Moonshine Society

Moonshine Society

Just in time for a July backyard barbecue Moonshine Society from D.C. delivers a delicious course of summertime blues on their second album “Sweet Thing.” A set of ten house rocking tunes, perfect for a night when the June bugs are jumping, the fireflies are sparking, and the moon is shining bright.

Harmonica hound dog Jason Ricci is featured on the opening bump and grind blues track, ‘Sweet Thing,’ returning the favor given to him by band leader and lead vocalist Black Betty, who sang on Ricci’s “Approved By Snakes.” Blues Hall of Fame guitarist Joe Poppen cuts a jagged surf blues riff on the dancefloor number ‘Shake.’ The 1953 blues standard from Ruth Brown, ‘Mama, He Treats Your Daughter Mean,’ is transformed into a Bourbon street second-line parade, featuring barrelhouse piano, a full horn section that features guest, Ron Holloway (Dizzy Gillespie, Susan Tedeschi, Gil Scott-Heron, Warren Haynes Band, Gov’t Mule), and blazing chops from drummer Rodney Dunton.

Black Betty demonstrates her prowess as both an accomplished vocalist and excellent songwriter on the powerful and luxuriously arranged ballad ‘Come On Home’ that soars with sophisticated classic R&B style. Ricci returns on the rockin’ tribute to the late great Johnny Winter ‘Southern Road,’ joining Poppen on sizzling dual harmony leads and trading fiery solos. Betty then takes us to church and teaches us all a lesson in the bare necessities with the gospel fueled ‘Biscuits, Bacon And The Blues.’

Everyone gets into the action on the mash up of Bill Withers ‘Use Me’ and Dr. John’s ‘Gilded Splinters’ that evolves into a funky retro house music session. Betty throws her hat in the ring delivering a spot on reading of the iconic ballad ‘I’d Rather Go Blind,’ staying true to the original Etta James recording out of the deepest respect for the woman, who bridged the gap between R&B and rock ‘n’ roll. She then channels another Queen of the Blues on the smooth jazzy blues ‘Deal The Devil Made,’ doing her best Dinah Washington, dishing out sass and spunk.

The album closes with the bonus track ‘The One Who Got Away,’ a dynamic contemporary blues ballad that originally appeared on a benefit album for Cancer Can Rock.
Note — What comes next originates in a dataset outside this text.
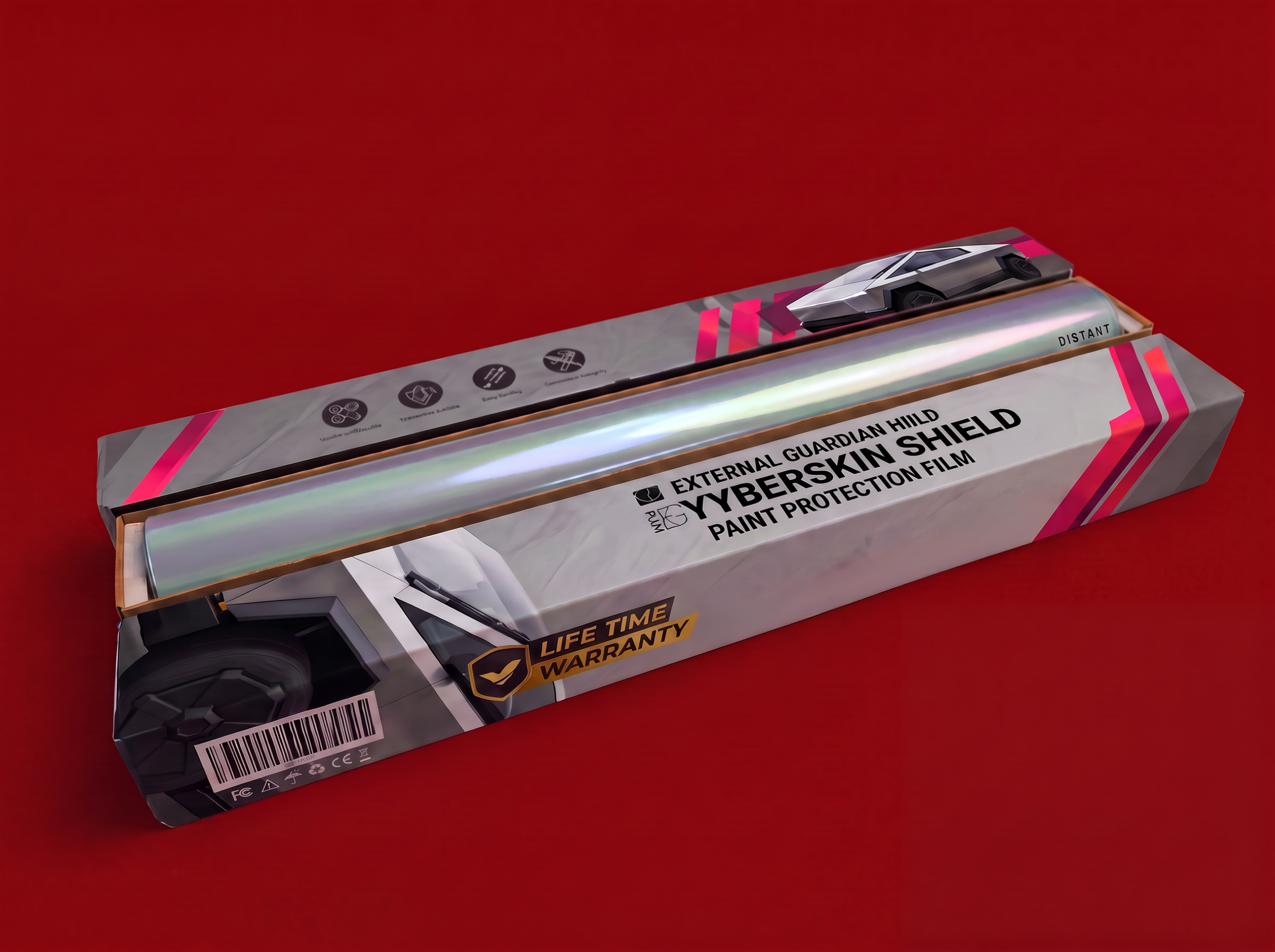 CYBERSKIN SHIELD™ by EG Film – Color PPF in Moonlight Jade (PPF-56C025) | - EG FILM & CyberSkin Shield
This nonprofit serves musicians dealing with cancer, a worthy cause if ever there was one.

The strong offering “Sweet Thing” continues the mission statement that Moonshine Society forged ten years ago as fresh music school grads to deliver soulful blues and old-school R&B on their own terms.

Rick J Bowen


Moonshine Society gives a big nod to Aesop’s theory that we’re known by the company we keep. So, while staking claim to lofty Music Land real estate of their own with a searing, cutting-edge blend of blues, soul, rock and R&B, they continue to rack up powerhouse stripes rubbing elbows with the best. Johnny Winter, Gov’t Mule, Derek Trucks, Susan Tedeschi, Tower of Power, John Mayall, Roomful of Blues, John Mayer and Ron Holloway count among the legends the band and its members have accompanied and opened for, not to mention other greats as Tab Benoit, George Clinton and the Funkadelic, Danny Gatton and Samantha Fish.
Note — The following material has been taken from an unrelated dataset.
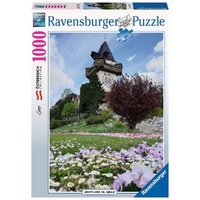 Ravensburger Puzzle 1000pc - Uhrturm In Graz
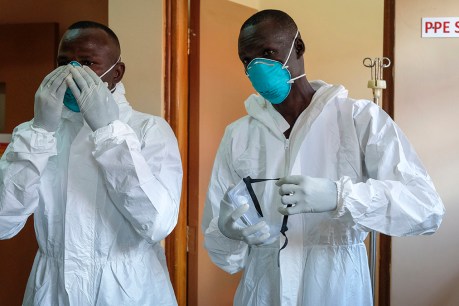 Uganda confirms nine more Ebola cases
Moonshine Society is the offspring of three promising young music scholars who came together at Boston’s renown Berklee College of Music. Of like minds and musical passions, they united in 2009 to create their own brand of soulful blues, roots rock and old-school R&B, should a fundamental definition be required. In truth, they teamed to craft their own formula of music that speaks to the soul and defies the labels of traditional musical confines.
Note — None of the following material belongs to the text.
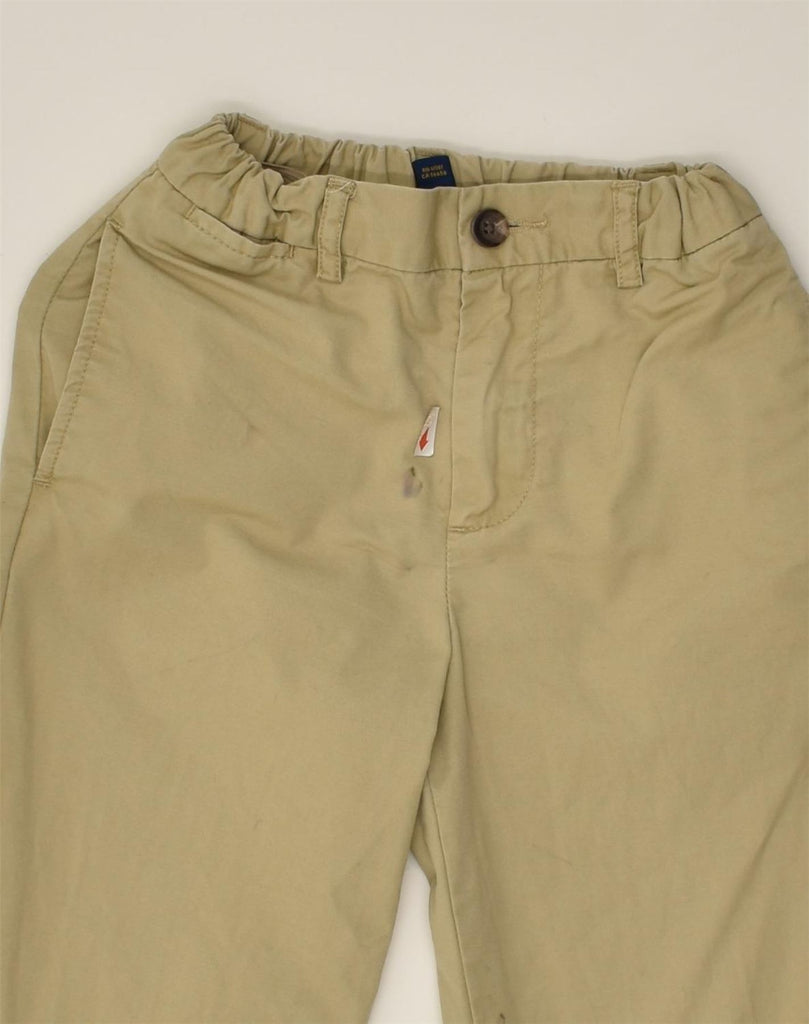 POLO RALPH LAUREN Boys Straight Chino Trousers 6-7 Years Khaki Cotton | Vintage Polo Ralph Lauren | Thrift | Second-Hand Polo Ralph Lauren | Used Clothing | Messina Hembry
The trio sealed their pact one moonlit night in the Anacostia Delta, where then and there, their name became written in the stars. They were to be Moonshine Society. Little did they know on that fateful night that they were buckled in on a launching pad set to rocket them at dizzying speed to performance destinations of their wildest dreams throughout the US and the world. In retrospect, though, it’s little wonder considering the band’s composition of killer talent, now four-plus strong.

Leading the troupe is impassioned, soulful singer and songwriter Black Betty, who has shared the stage with such musical greats as Warren Haynes, Derek Trucks and Jack Pearson of Allman Brothers fame, Susan Tedeschi of the Tedeschi Trucks band and Jimmy Vivino from “Late Night with Conan O’Brien.” Part vamp and part glamour girl, she is all-commanding in her on-stage deliveries and becomes pure sorceress spellbinding audiences with her searing hot vocals. To quote from her sizzling seductive rendition of ‘Fever’ -what a lovely way to burn.

Black Betty (lead vocalist/songwriter) and Joe Poppen (guitarist) were both inducted into the Blues Hall of Fame after their work with Charlies Sayles (harmonica) and Memphis Gold respectively. The band has been nominated for multiple Wammie awards.